Para agrupar essas lembranças, os cineastas criaram um personagem ficcional e uma trama mínima. Zé Renato é um geólogo que sai de Fortaleza com a incumbência de verificar a viabilidade para a construção de um canal no interior semidesértico. A obra desviará as águas de um rio e inundará terras e cidades. Nesse percurso, não apenas o trabalho o entedia como também se fica sabendo da crise que pôs fim ao seu casamento com uma botânica. O recurso diferenciado dos diretores é contar tudo isso apenas com a voz do protagonista (o ator Irandhir Santos, de A Pedra do Reino), sem nunca mostrá-lo. O espectador ouve os lamentos de Zé Renato em "off", como se diz no jargão cinematográfico, enquanto acompanha seus encontros com personagens característicos do ambiente miserável do Nordeste, do casal de velhos que será expulso pelas águas à jovem prostituta do vilarejo que sonha com um amor de novela.

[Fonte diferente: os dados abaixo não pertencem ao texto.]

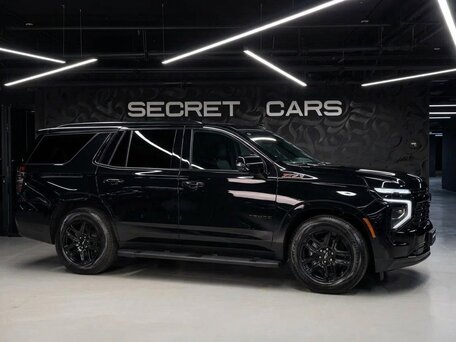 2025 Chevrolet Tahoe V Рестайлинг, чёрный, 12980000 рублей, вид 5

São essas passagens que foram flagradas há dez anos pelos realizadores e agora se mostram como num painel de crônica documental. Há casos em que cabe mesmo um pequeno truque de montagem , por exemplo, quando o protagonista indaga a prostituta. "Antes havia a minha voz ali conversando; agora substituímos pela voz de Zé Renato", diz Karim. "Esse filme é todo uma invenção, não apenas no que diz respeito a mudanças como essa", aponta Gomes. "Foi necessário re-imaginar essa viagem como se fosse atual, construir (a viagem) de modo orgânico para se comunicar com o público". Para Gomes, a opção pela fala em primeira pessoa "off", mais do que recurso narrativo, aconteceu como uma estratégia para aproximar de maneira emotiva o espectador "dessa travessia do deserto", como os realizadores encaram a realização do filme. "A voz do personagem são como anotações de um diário, uma tradição de viajante que tem ligação com o interior do Nordeste e para mim mantém um encantamento", complementa Karim.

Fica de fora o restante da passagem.